● What the task requires
Output the entries exactly as they appear. Pictures should not be included.

● Data records
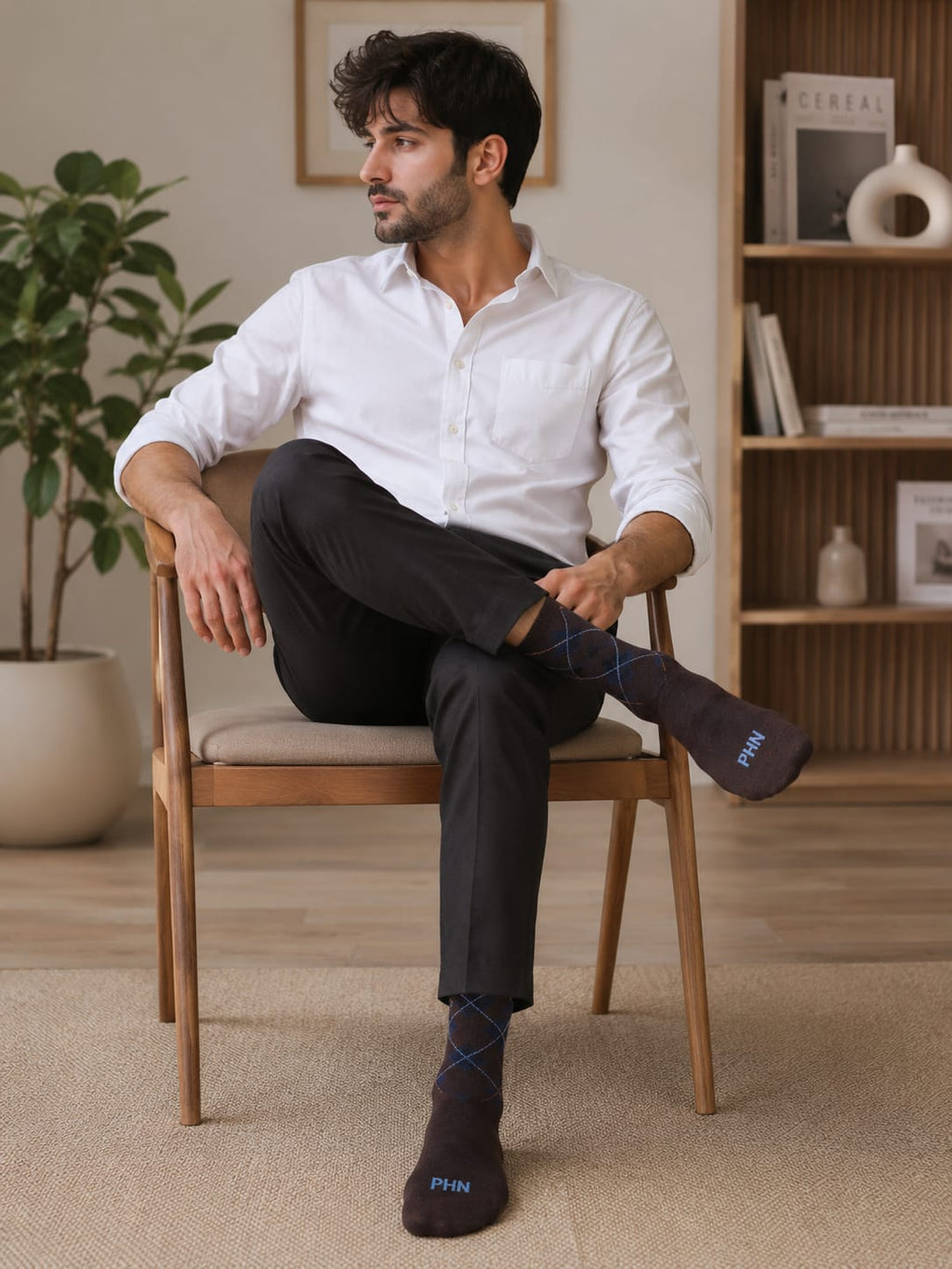 Office And Gathering Wear Premium Lycra Dress Socks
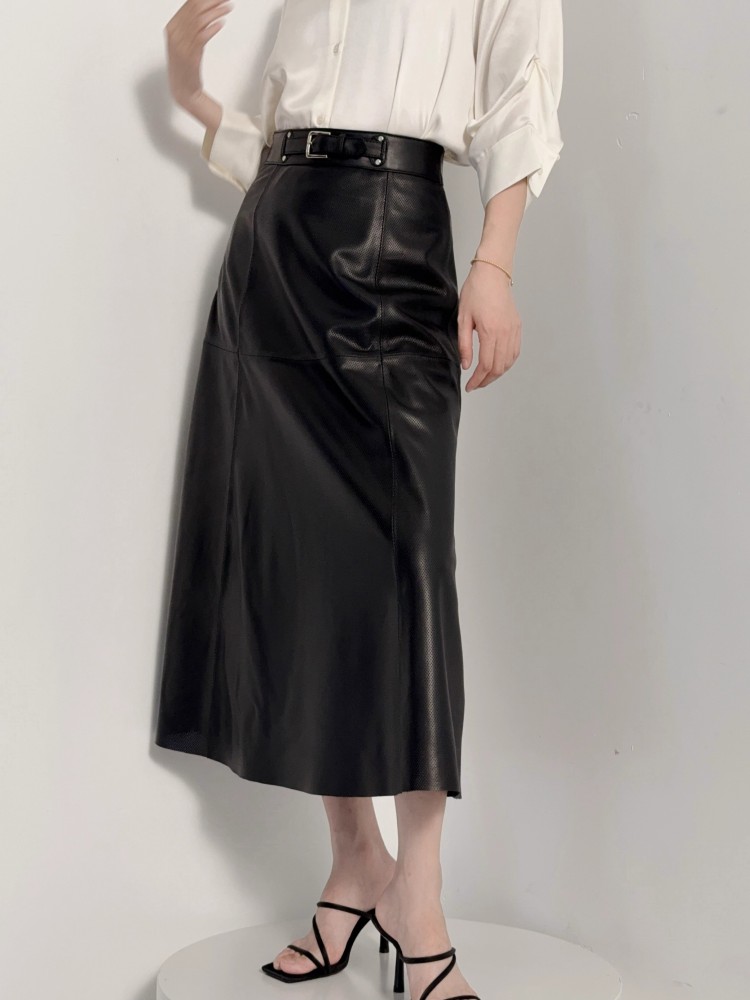 Nowa Moda Damska Ażurowa Spódn – Leather Work Outfit recenzja i cena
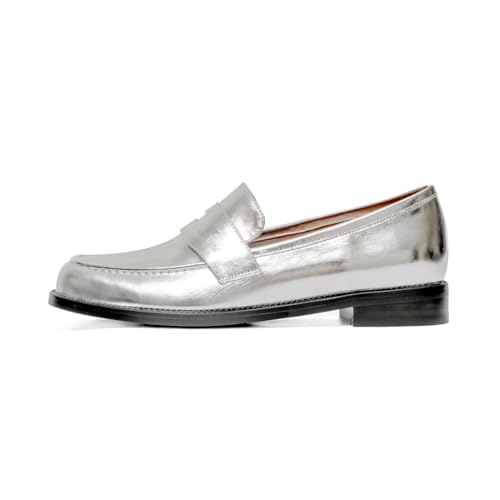 Image of ONEENO Women's Classic Flat Leather Penny Loafer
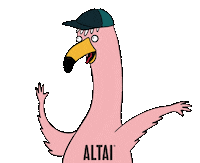 scream flamingo Sticker by Altai Company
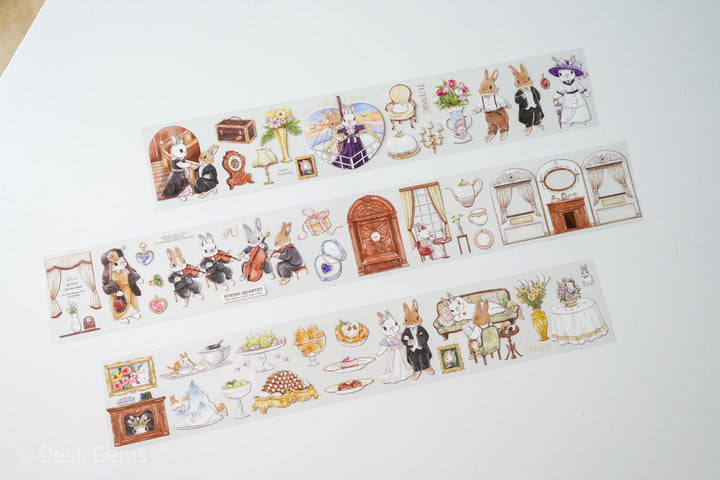 Kumayankee Bunny PET Tapes - Tutanic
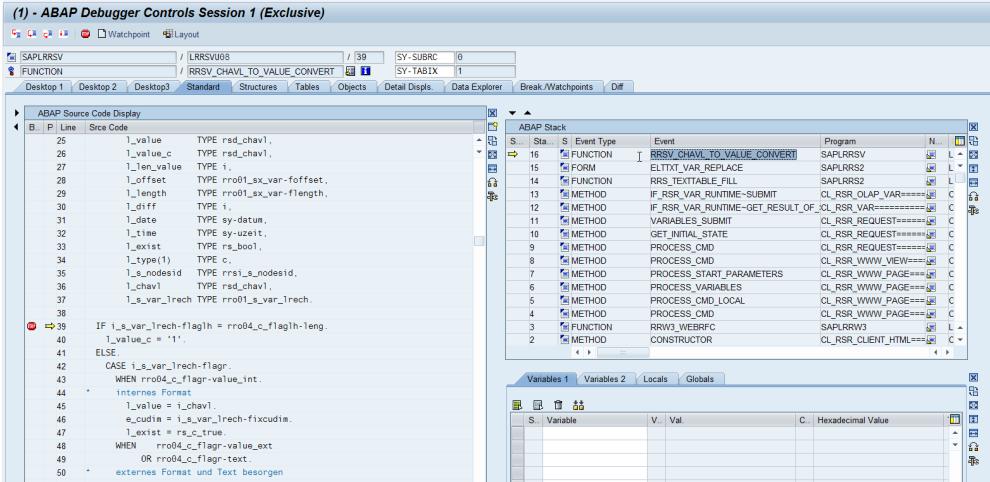 in the image below: In the ABAP Stack area, by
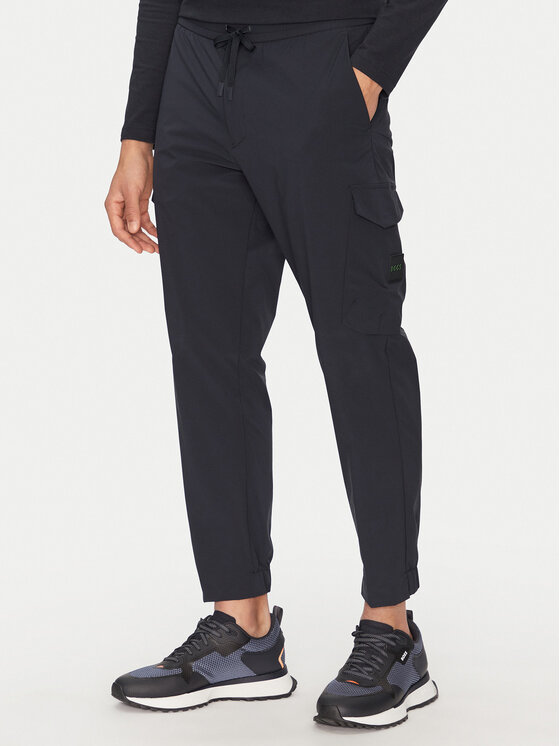 BOSS BOSS Kalhoty z materiálu T_Urbanex-CargoLight 50508339 Tmavomodrá Tapered Fit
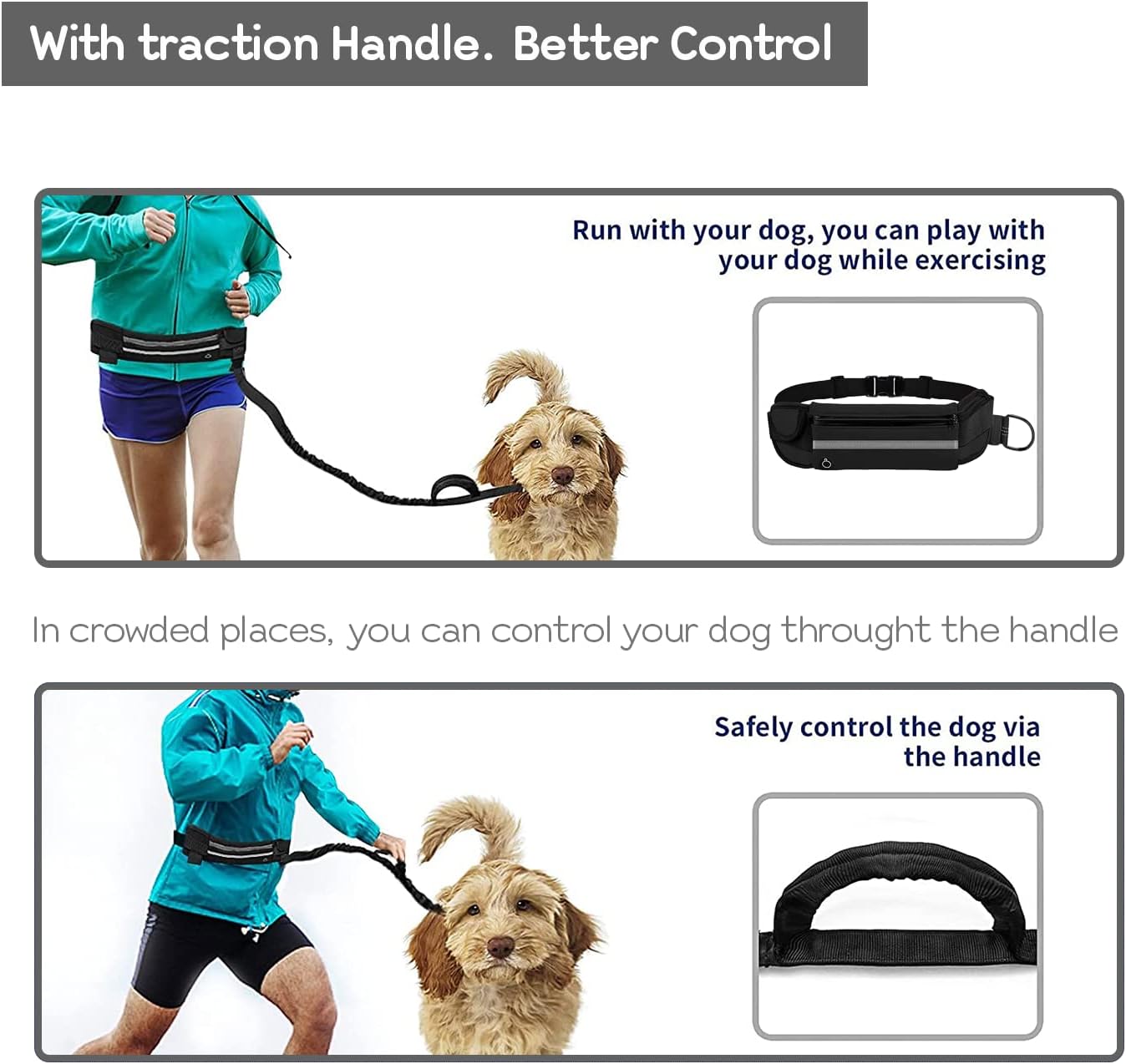 Thumbnail 4 de Edipets Dog Running Lead 160–220 cm 🐕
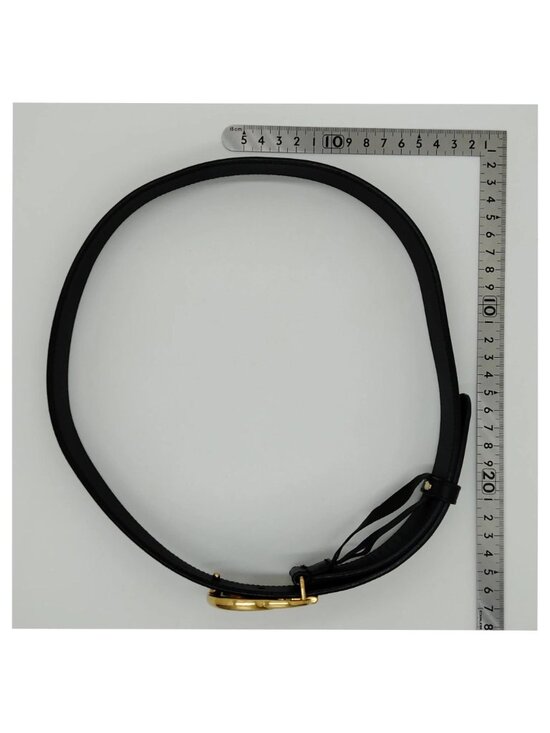 Authentic Gucci GG Marmont Belt Black Leather Gold Double G Buckle Luxury Deal main image 4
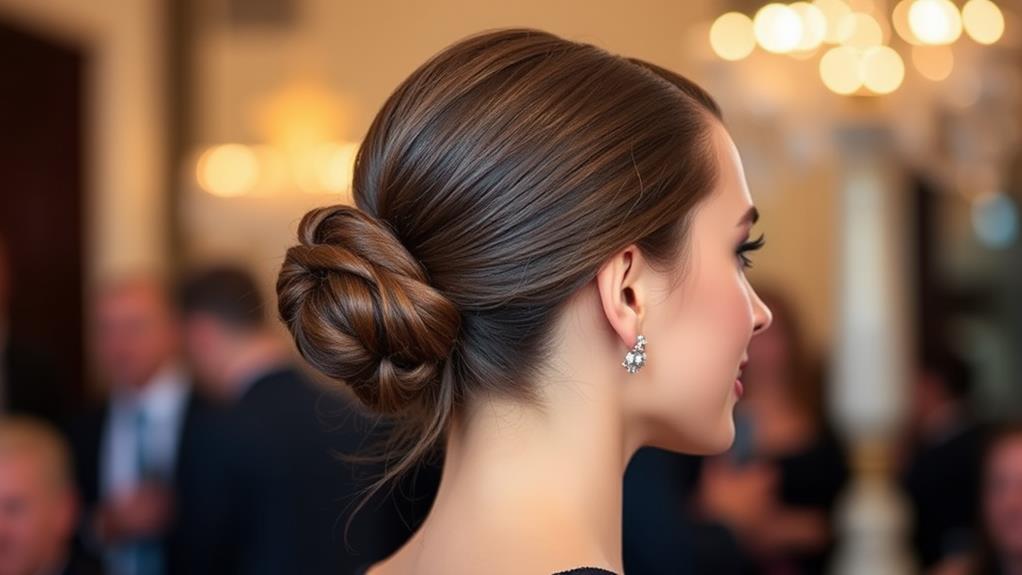 chic updo hairstyle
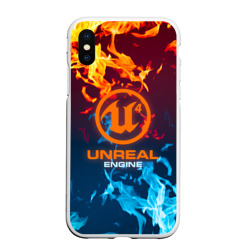 Чехол для iPhone XS Max матовый Unreal Огонь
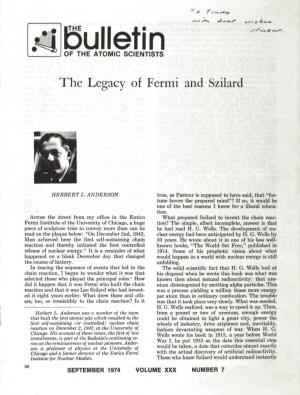 The Legacy of Fermi and Szilard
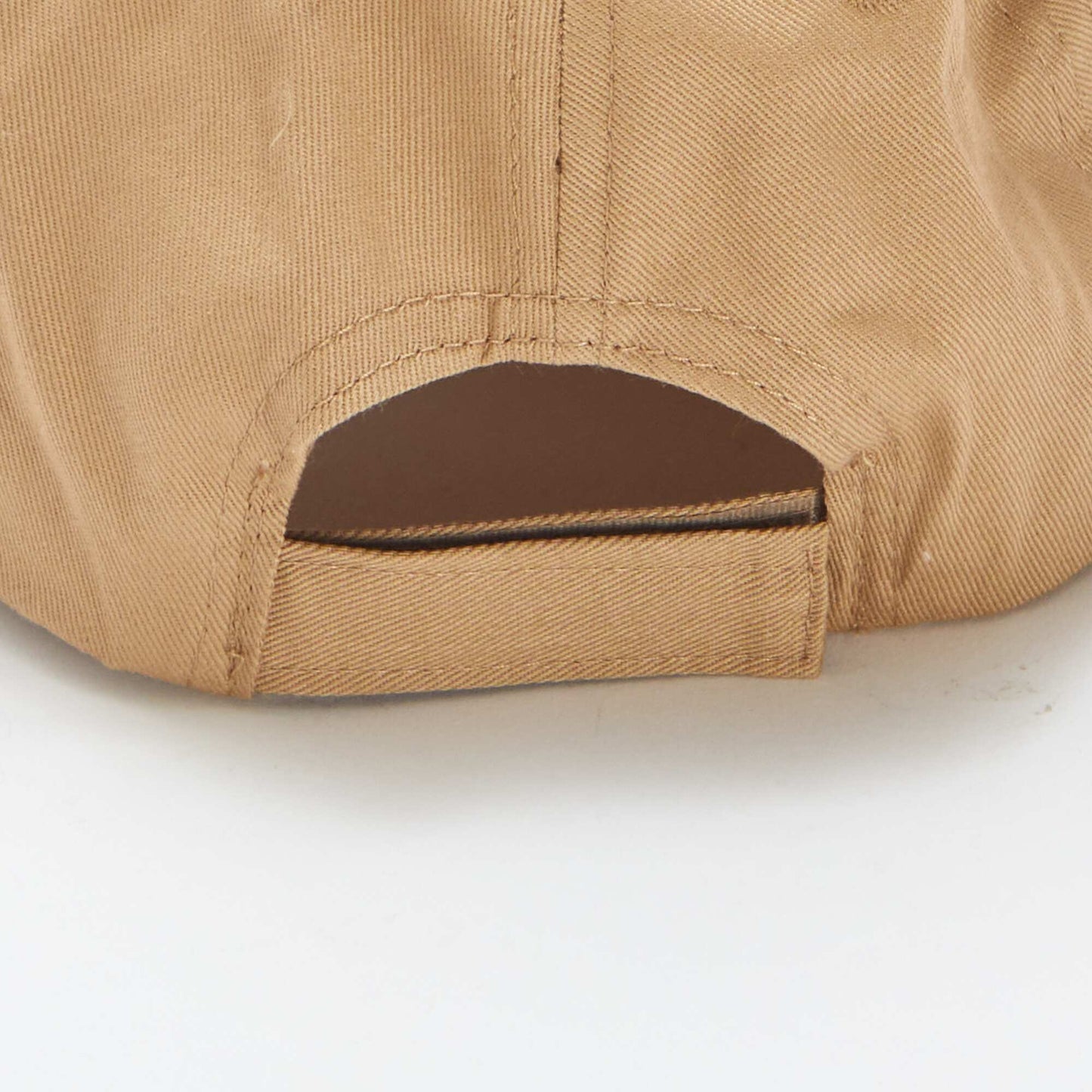 Plain cotton cap BROWN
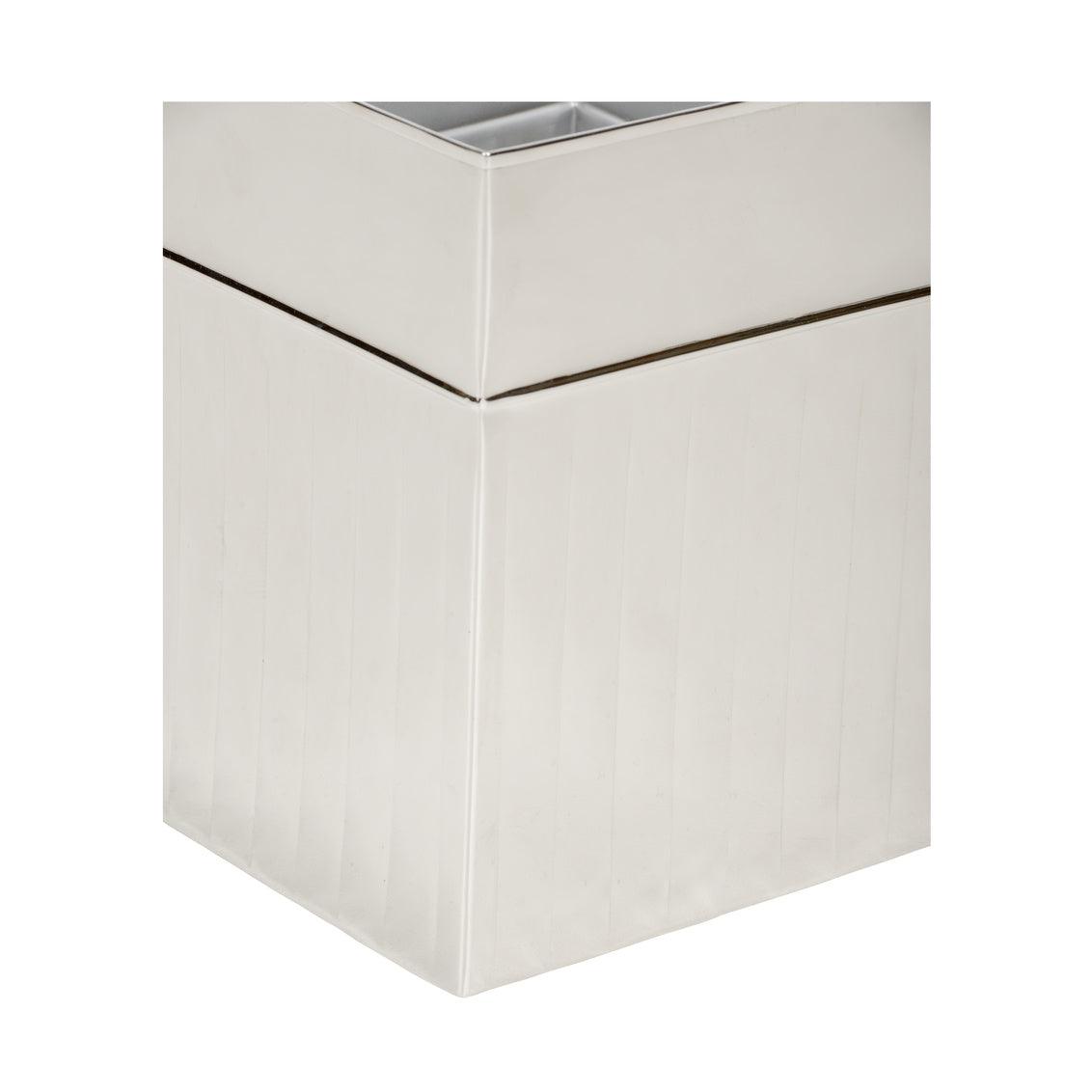Wallace Wastebasket - Nickel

● Exercise output
 Office And Gathering Wear Premium Lycra Dress Socks
 Nowa Moda Damska Ażurowa Spódn – Leather Work Outfit recenzja i cena
 Image of ONEENO Women's Classic Flat Leather Penny Loafer
 scream flamingo Sticker by Altai Company
 Kumayankee Bunny PET Tapes - Tutanic
 in the image below: In the ABAP Stack area, by
 BOSS BOSS Kalhoty z materiálu T_Urbanex-CargoLight 50508339 Tmavomodrá Tapered Fit
 Thumbnail 4 de Edipets Dog Running Lead 160–220 cm 🐕
 Authentic Gucci GG Marmont Belt Black Leather Gold Double G Buckle Luxury Deal main image 4
 chic updo hairstyle
 Чехол для iPhone XS Max матовый Unreal Огонь
 The Legacy of Fermi and Szilard
 Plain cotton cap BROWN
Wallace Wastebasket - Nickel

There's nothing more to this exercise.